PROBLEM STATEMENT: Please output exactly the lines from the one that holds "डेंटल और ओरल" through the final line of the data, and nothing else; leave out any pictures.

Short web captions
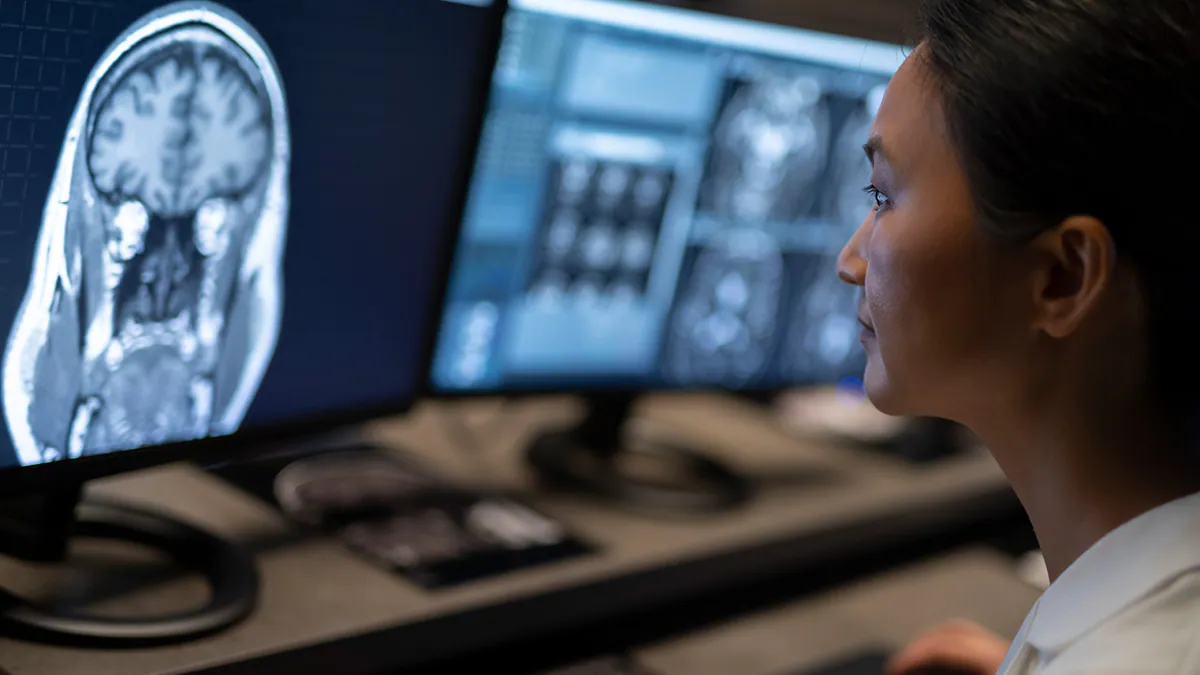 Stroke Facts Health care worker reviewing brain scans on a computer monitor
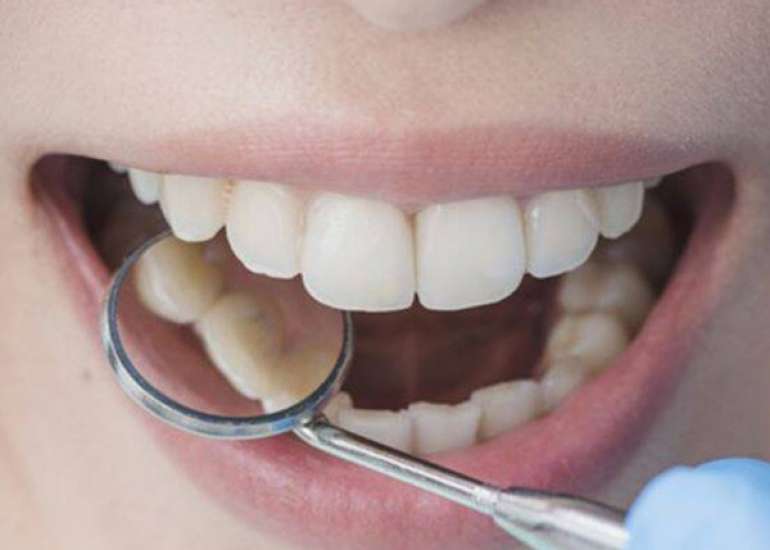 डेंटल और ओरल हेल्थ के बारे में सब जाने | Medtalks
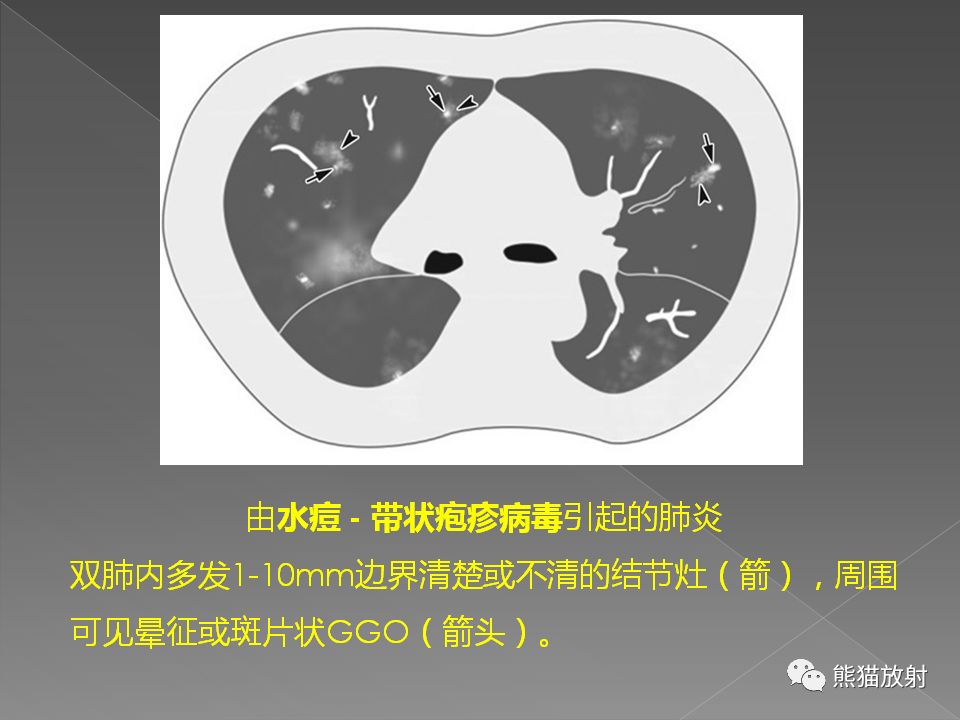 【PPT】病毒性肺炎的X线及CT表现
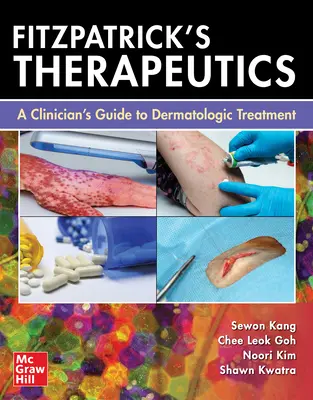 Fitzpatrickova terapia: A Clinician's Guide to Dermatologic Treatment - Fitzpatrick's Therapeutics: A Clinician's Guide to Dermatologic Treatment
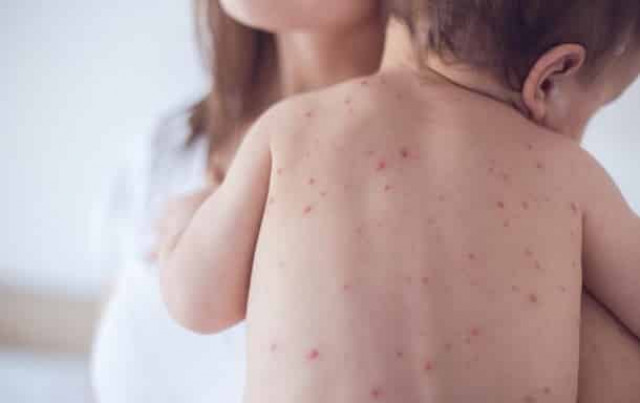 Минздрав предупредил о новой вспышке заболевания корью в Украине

RESPONSE TO THIS EXERCISE:
 डेंटल और ओरल हेल्थ के बारे में सब जाने | Medtalks
 【PPT】病毒性肺炎的X线及CT表现
 Fitzpatrickova terapia: A Clinician's Guide to Dermatologic Treatment - Fitzpatrick's Therapeutics: A Clinician's Guide to Dermatologic Treatment
 Минздрав предупредил о новой вспышке заболевания корью в Украине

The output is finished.